Tudo começou com um revirar de mobílias. Em cada cômodo, uma gaveta entreaberta. Encontrei uma porção de escombros do que um dia fui. Um reencontro com as minhas sombras. São necessárias para recordar para onde já não posso voltar. É preciso criar novos espaços e memórias.
Deixei por ali as minhas personalidades que não cabem mais vestir. A menina insegura que se escondia em uma pilha de medos. A garota que colava nos outros para poder pertencer. A adulta que surgia desde os primórdios da minha criação a fim de demonstrar uma maturidade para tudo. A independente que nega ajuda e é alérgica a afetos. Resolvi abandonar também as versões que insistiam em cultivar amizades unilaterais. Com isso, foi necessário romper os laços que cresciam de todas as partes de memórias platônicas,imaginárias de tudo que criei apenas na minha cabeça.
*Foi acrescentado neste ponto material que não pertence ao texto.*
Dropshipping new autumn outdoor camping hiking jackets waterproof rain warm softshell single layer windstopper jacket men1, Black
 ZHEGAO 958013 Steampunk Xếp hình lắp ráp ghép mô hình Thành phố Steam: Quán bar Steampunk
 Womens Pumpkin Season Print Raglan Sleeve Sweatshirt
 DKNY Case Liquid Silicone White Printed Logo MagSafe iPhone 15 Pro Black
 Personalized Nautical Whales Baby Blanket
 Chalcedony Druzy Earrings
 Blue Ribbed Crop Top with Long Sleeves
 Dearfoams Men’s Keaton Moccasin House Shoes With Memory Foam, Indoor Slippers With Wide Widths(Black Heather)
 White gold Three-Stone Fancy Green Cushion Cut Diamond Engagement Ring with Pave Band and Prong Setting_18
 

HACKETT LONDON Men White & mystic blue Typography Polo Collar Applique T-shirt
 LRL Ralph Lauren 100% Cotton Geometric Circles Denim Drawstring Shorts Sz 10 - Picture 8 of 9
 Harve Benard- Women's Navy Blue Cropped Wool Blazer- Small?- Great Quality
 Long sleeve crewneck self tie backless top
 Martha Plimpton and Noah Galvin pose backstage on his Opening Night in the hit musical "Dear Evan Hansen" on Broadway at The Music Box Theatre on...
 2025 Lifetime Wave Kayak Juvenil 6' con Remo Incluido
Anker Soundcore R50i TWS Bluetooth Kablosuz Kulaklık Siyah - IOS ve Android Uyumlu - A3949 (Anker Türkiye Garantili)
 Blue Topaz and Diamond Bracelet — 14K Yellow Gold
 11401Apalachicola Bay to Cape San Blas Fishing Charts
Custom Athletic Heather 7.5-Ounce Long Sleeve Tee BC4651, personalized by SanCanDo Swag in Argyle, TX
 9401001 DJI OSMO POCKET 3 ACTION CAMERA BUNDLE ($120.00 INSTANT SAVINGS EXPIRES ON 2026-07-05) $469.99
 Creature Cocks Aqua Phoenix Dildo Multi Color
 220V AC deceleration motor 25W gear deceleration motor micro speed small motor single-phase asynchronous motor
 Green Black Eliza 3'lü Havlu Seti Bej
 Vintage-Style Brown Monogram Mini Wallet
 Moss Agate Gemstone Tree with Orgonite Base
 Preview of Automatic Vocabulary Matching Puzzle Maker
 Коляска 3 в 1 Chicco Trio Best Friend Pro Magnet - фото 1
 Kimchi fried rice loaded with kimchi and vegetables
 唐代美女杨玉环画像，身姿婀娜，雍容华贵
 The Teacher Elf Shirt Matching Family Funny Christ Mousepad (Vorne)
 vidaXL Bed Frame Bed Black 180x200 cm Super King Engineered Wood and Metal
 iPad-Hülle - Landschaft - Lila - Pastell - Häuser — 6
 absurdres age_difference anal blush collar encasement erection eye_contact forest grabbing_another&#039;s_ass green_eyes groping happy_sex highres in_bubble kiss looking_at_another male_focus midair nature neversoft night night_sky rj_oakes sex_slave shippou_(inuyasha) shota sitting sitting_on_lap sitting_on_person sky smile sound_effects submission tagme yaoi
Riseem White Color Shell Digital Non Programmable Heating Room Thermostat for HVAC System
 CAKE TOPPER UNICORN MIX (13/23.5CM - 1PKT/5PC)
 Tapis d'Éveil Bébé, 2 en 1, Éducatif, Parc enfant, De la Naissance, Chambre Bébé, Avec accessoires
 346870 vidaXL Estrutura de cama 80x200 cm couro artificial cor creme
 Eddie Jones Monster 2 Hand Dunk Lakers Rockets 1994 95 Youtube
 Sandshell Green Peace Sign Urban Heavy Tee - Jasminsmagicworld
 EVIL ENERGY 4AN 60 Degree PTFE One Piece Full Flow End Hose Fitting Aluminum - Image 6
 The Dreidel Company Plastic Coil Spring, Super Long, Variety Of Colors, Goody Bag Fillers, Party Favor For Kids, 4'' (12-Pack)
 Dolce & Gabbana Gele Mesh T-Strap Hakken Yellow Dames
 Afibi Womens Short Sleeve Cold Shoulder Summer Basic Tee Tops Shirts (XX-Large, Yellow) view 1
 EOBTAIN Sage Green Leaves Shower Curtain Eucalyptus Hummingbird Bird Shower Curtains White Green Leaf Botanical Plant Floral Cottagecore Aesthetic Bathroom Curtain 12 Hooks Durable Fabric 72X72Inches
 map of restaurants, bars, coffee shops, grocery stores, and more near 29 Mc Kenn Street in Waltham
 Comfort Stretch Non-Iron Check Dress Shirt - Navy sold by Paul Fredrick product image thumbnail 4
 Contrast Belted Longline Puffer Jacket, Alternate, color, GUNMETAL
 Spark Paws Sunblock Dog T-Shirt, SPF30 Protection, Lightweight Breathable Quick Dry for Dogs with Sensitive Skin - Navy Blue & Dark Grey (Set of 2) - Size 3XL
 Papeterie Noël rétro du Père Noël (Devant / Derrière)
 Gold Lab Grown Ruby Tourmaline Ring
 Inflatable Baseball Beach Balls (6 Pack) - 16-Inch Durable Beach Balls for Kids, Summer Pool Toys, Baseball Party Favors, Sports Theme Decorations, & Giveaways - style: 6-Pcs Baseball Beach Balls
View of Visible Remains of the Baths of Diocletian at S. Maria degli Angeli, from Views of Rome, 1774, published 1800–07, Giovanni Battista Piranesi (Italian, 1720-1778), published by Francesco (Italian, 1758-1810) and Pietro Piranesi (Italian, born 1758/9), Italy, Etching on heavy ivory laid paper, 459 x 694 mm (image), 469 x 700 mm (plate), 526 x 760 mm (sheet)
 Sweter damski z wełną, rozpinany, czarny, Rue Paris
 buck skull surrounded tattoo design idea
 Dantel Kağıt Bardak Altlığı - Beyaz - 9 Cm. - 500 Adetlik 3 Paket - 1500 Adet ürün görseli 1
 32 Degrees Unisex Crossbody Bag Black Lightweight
Foi assim de forma lenta, mas precisa que desapeguei do que ainda restava de nós dois. Ainda esbarrava em trechos de livros, refrões de canções, fotografias amareladas e presentes. Uma forma de encontrar o que achava que um dia fomos, mas não fomos capazes de vivenciar na vida real. Olhando agora para nossa história, inventei versões da gente talvez como uma forma de ficar submersa em partes boas. Por muito tempo pouco importava se o desfecho tivesse sido exatamente assim, gostava das formas que inventei para caber em uma narrativa menos ácida.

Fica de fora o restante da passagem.